Medium dry: if the sugar content of the wine is between 4 g/l and 12 g/l (or 18 g/l if the total acidity content is not more than 10 g/l lower than the residual sugar content, eg 18 g/l sugar if the total acidity is not less than 8 g/l).

Mellow: if the sugar content of the wine is between 12 g/l and 45 g/l.

Sweet: if the sugar content of the wine exceeds 45 g/l.


Two versions are possible but it must be unambiguous.

Sweetness scale 1
Alsace sweetness scale 2

EU logic?

It has always been mandatory to state the dryness/sweetness level on sparkling wines because, as the EU regulations point out:

Consumers often make purchasing decisions based on the information provided concerning the sugar content of sparkling wine, aerated sparkling wine, quality sparkling wine and quality aromatic sparkling wine. The indication of sugar content should therefore be compulsory for those categories of grapevine products while it should remain optional for other categories of grapevine products.

It is still optional for still wines under EU law and only compulsory if a member state passes its own law, which is why Alsace has taken so long to get to this point. (See The Oxford Companion to Wine’s dosage entry for the mandatory labelling terms for sparkling wines.)

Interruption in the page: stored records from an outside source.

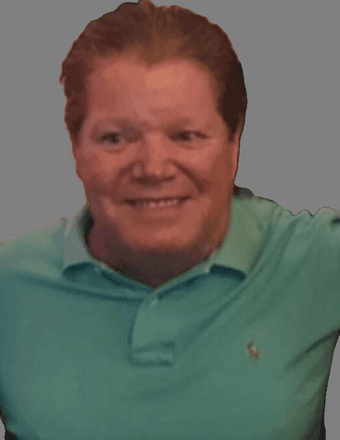 John H. Cimmarusti Obituary
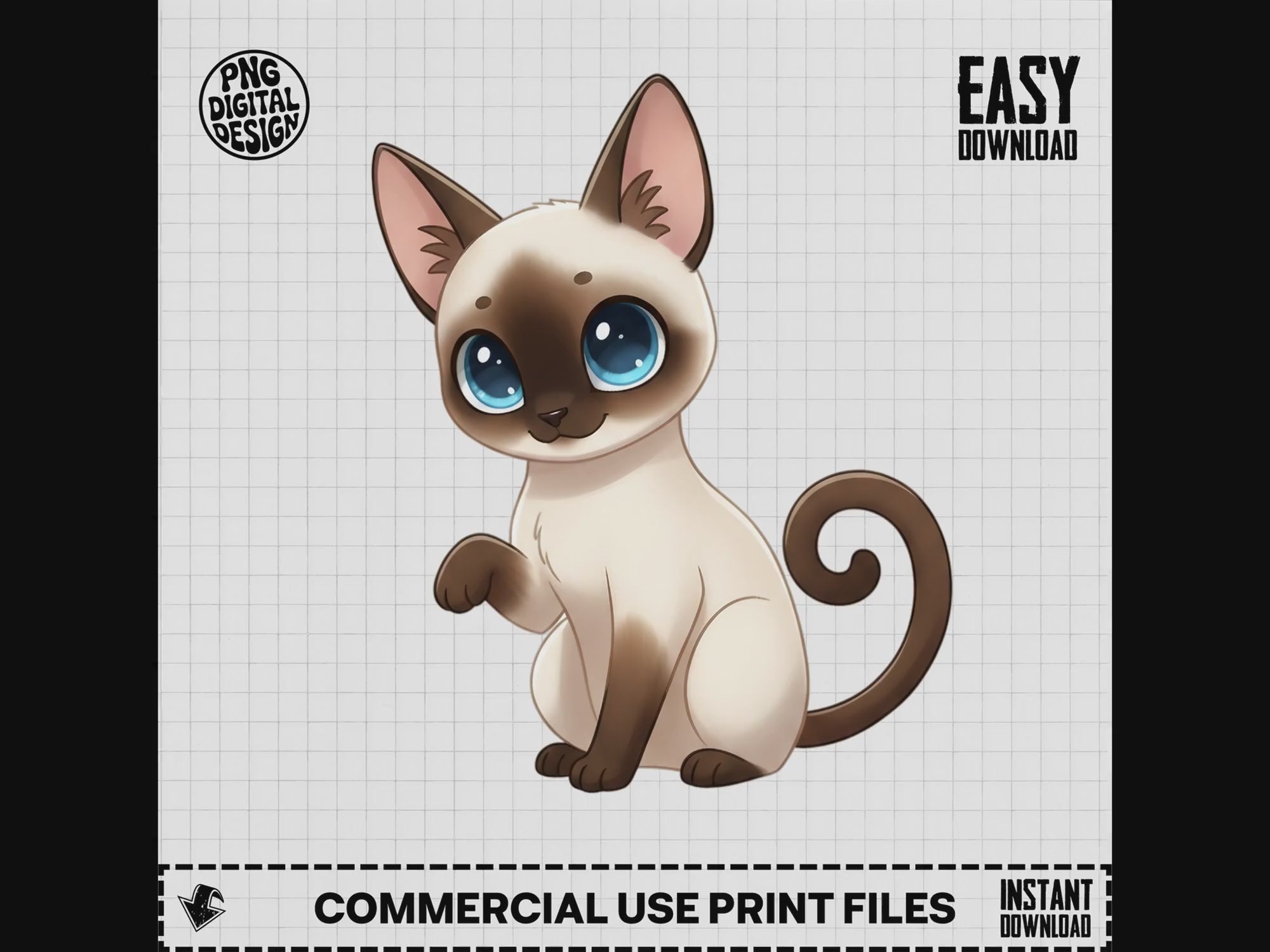 1bd5e078-7223-4ce9-ab49-4ffc9e31d117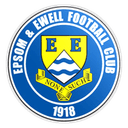 Epsom & Ewell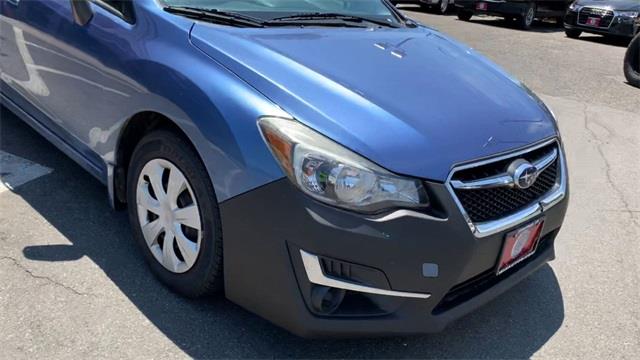 2015 Subaru Impreza 2.0i, available for sale in Stratford, Connecticut | Wiz Leasing Inc. Stratford, Connecticut 2015 Subaru Impreza 2.0i, available for sale in Stratford, Connecticut | Wiz Leasing Inc. Stratford, Connecticut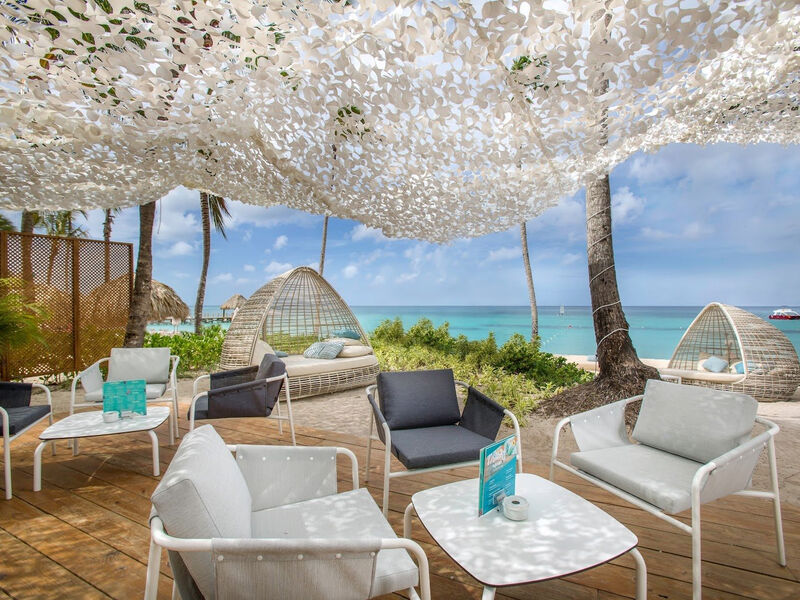 Catalonia Royal La Romana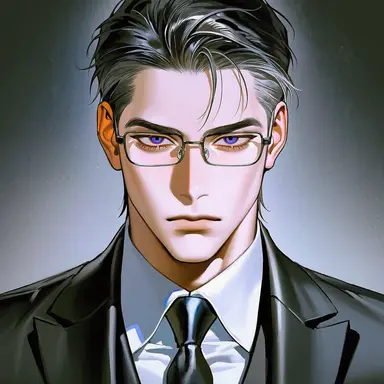 Profile image of 태호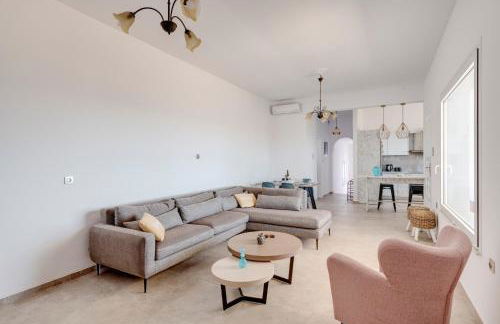 Captain View - Foto 60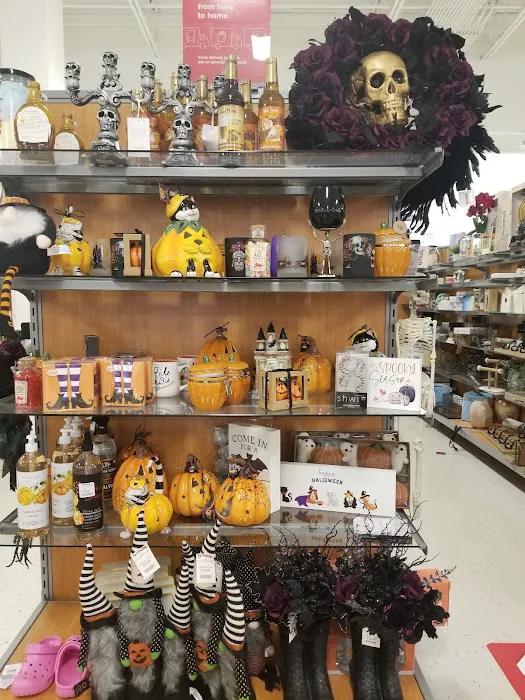 T.J. Maxx 2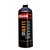 SPRAY VIOLETA COSMOS ARTE URBANA COLORGIN 937 - Imagem 1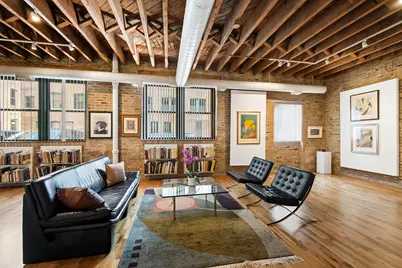 515 N Noble Street #106, Chicago, IL 60642 - Photo 2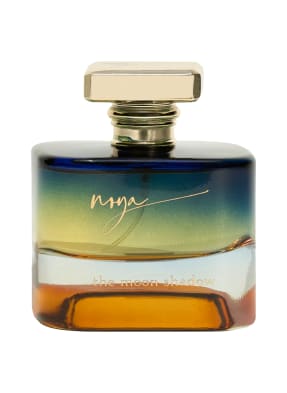 House Of Noya The Moon Shadow Parfémová voda 100 ml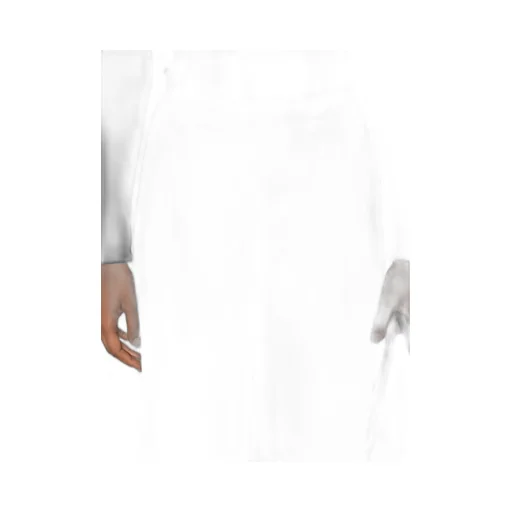 Simona High-Waisted Pants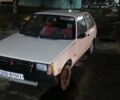Бежевый ЗАЗ 1102 Таврия, объемом двигателя 0 л и пробегом 150 тыс. км за 507 $, фото 3 на Automoto.ua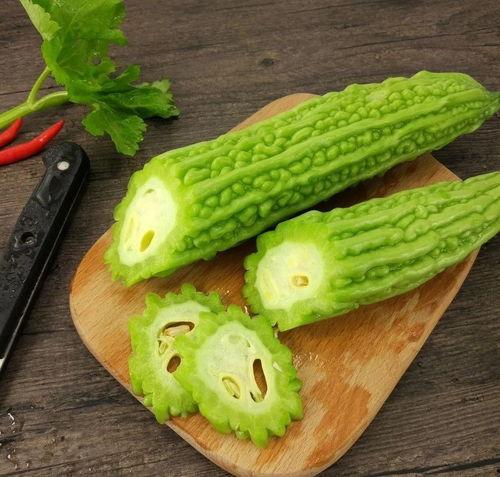 吃瓜季昕,探寻昕昕的瓜界传奇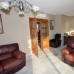 Mijas Costa property: 3 bedroom Penthouse in Mijas Costa, Spain 267521
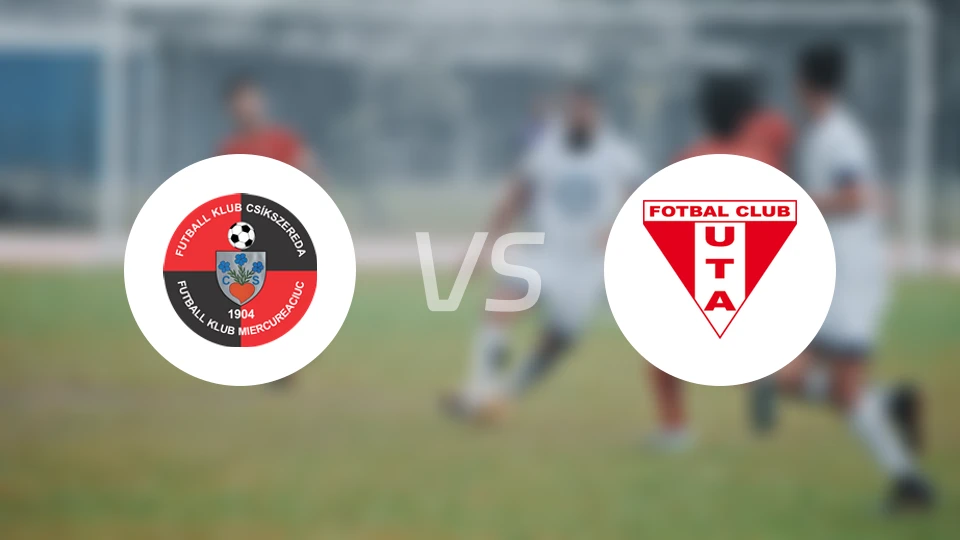 FK米耶尔库雷亚丘克vsUTA阿拉德比分预测【2026/02/07】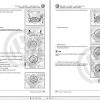 Volkswagen Jetta 9M Workshop Manual 1999 2003 2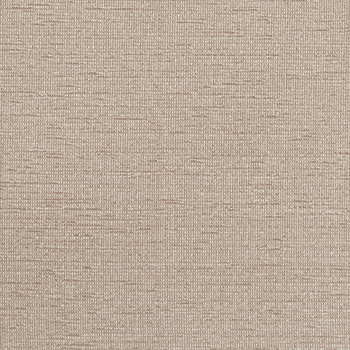Warwick Bendigo Linen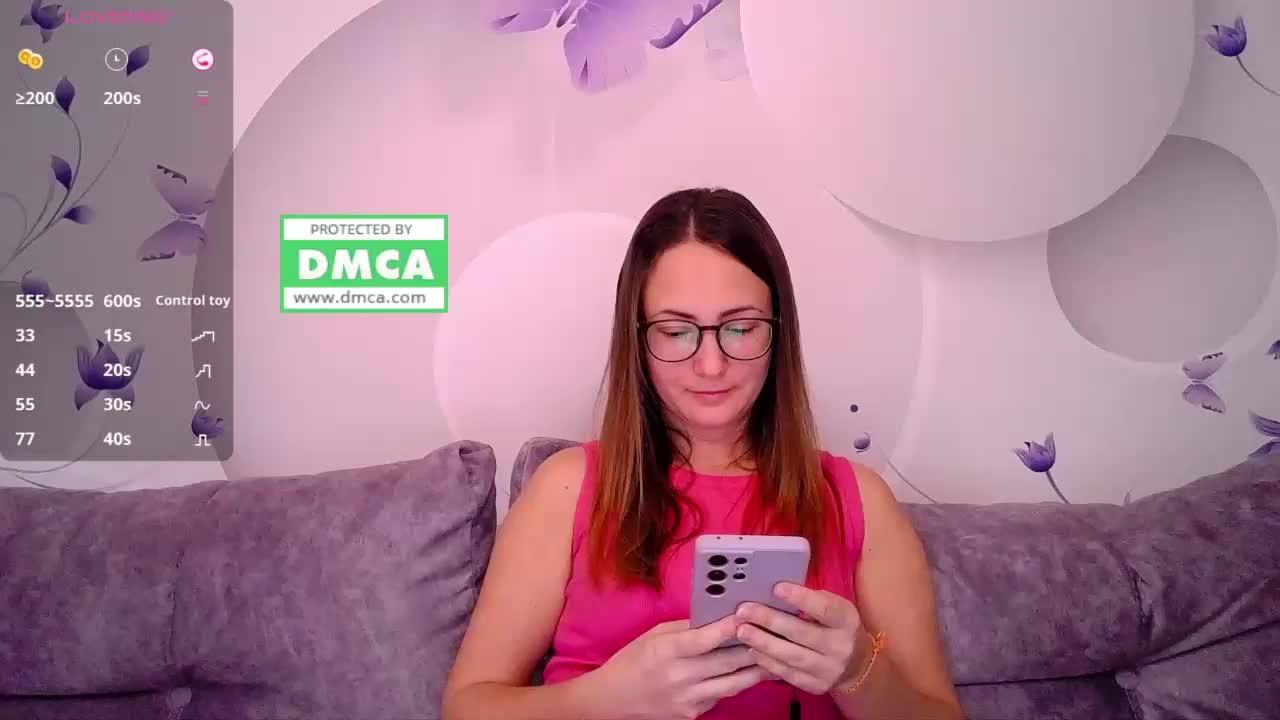 soulbody Adult Chat February 13, 2026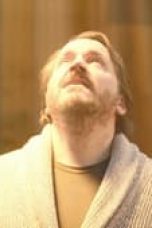 God’s Favorite Idiot Season 1 Episode 1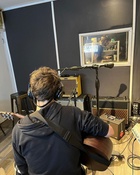 Elliott Fullam : elliott-fullam-1699373388.jpg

I’m really not sure why the EU made that distinction though the rule-makers explain it thus:

The sugar content of grapevine products other than sparkling wine, aerated sparkling wine, quality sparkling wine and quality aromatic sparkling wine is not an essential element of information for the consumer. It should therefore be optional for producers to indicate the sugar content of those grapevine products on the label. However, in order not to mislead the consumers, the voluntary use of terms related to the sugar content for those products should be regulated.

I wonder who on earth came up with that (and got paid to do so)?

Aulagnon is pleased and relieved about this development. He wrote to me: ‘That’s definitively the good news that we were hoping for for a while, and now it has become reality. Now the consumers, and the trade as well, will be enlightened by this EU scale, which is not just about the residual sugar but also about the balance in the mouth, including the tartaric acidity.’

As the CIVA’s press release says, ‘This new and attractive feature aims to make it easier for millions of consumers to choose their wines, help less expert professionals to navigate the industry and simplify the food-wine pairing process.’

It seems highly likely that this was the overriding argument that persuaded those producers not keen to go along with this. Let’s hope this improves the fortunes of Alsace wines around the world, wines that are so often lauded but whose quality is not as often recognised in what we actually buy.